• _What the exercise asks_
Taking the line with "AEspares Fuel Lift" as the first, copy every line through the end of the records below exactly. Do not include pictures.

• _Extracted records_
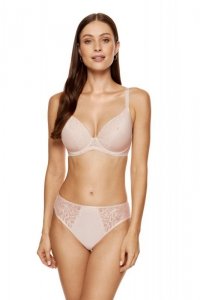 Biustonosz push up Biustonosz Usztywniany Model Femme B5 Beige - Gorteks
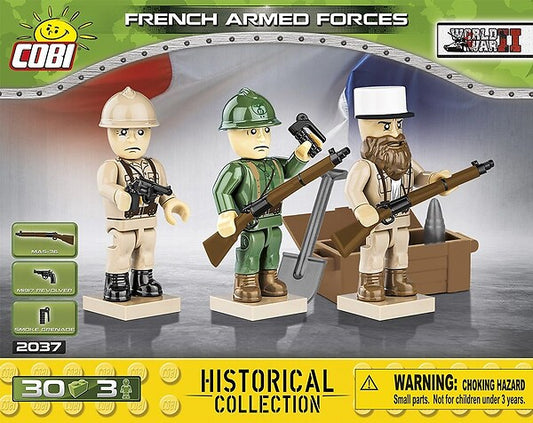Cobi 2037 - Construction Toy - French Armed Forces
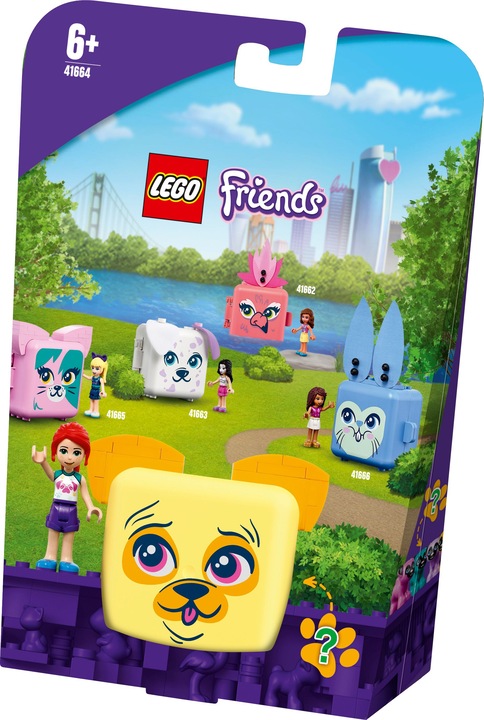Image du produit LEGO Le cube de Mia Mops (41664, LEGO Friends)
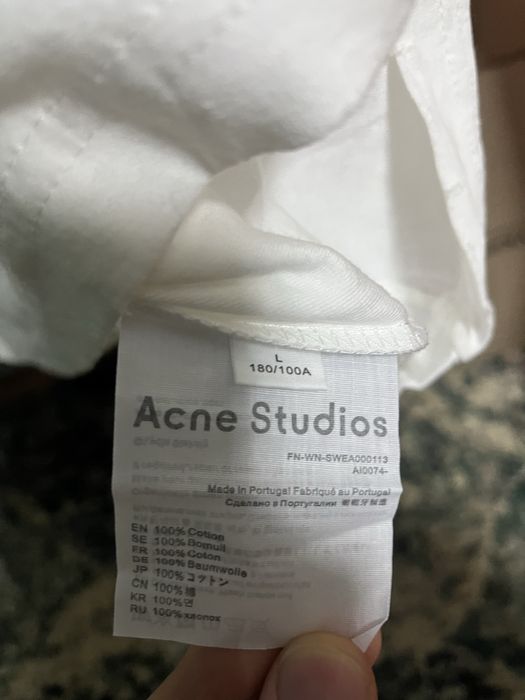 Лонг Acne studios longsleeve long лонгслив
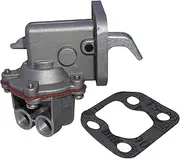 AEspares Fuel Lift Pump Compatible With Massey Ferguson Tractor 6040 135 150 230 250 3637292M91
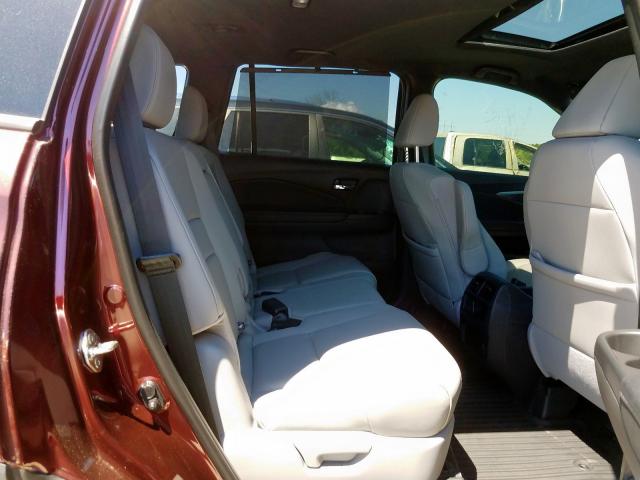 5FNYF7H50KB003396 - 2019 HONDA PASSPORT EXL  照片 6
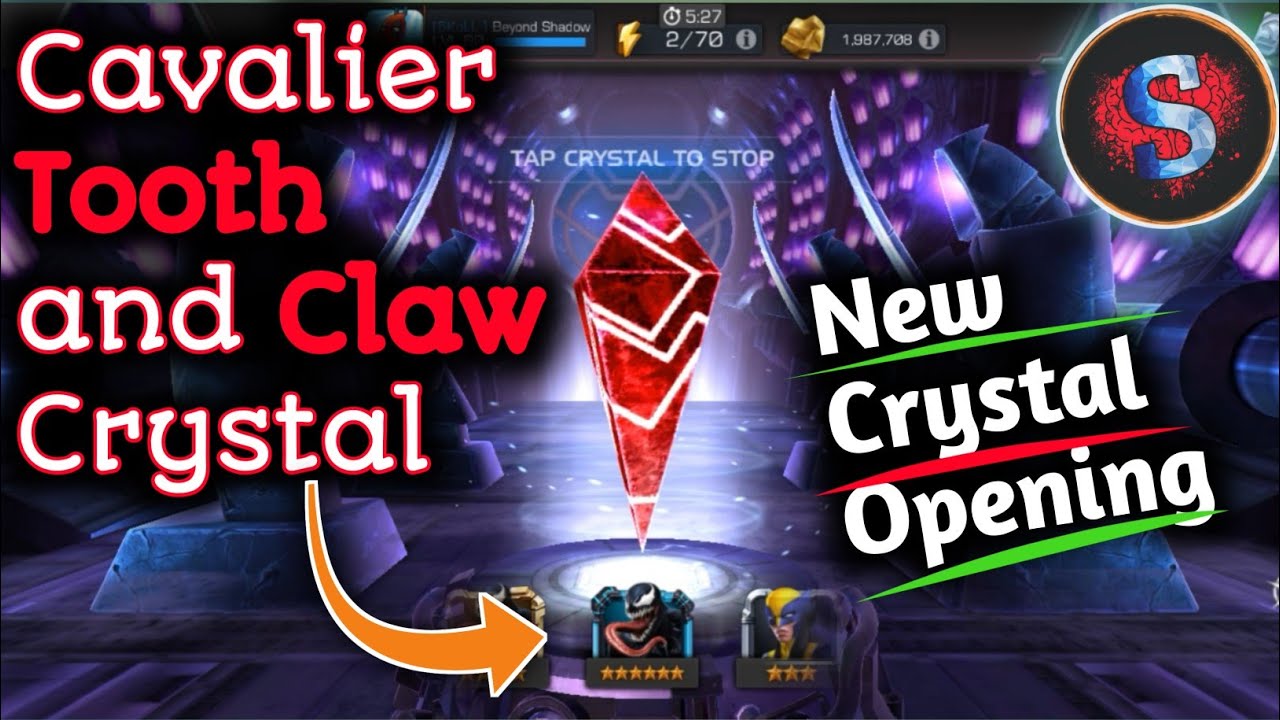 Cavalier Tooth and Claw Crystal Opening || mcoc @MarvelContestofChampions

• _The completed task_
 AEspares Fuel Lift Pump Compatible With Massey Ferguson Tractor 6040 135 150 230 250 3637292M91
 5FNYF7H50KB003396 - 2019 HONDA PASSPORT EXL  照片 6
 Cavalier Tooth and Claw Crystal Opening || mcoc @MarvelContestofChampions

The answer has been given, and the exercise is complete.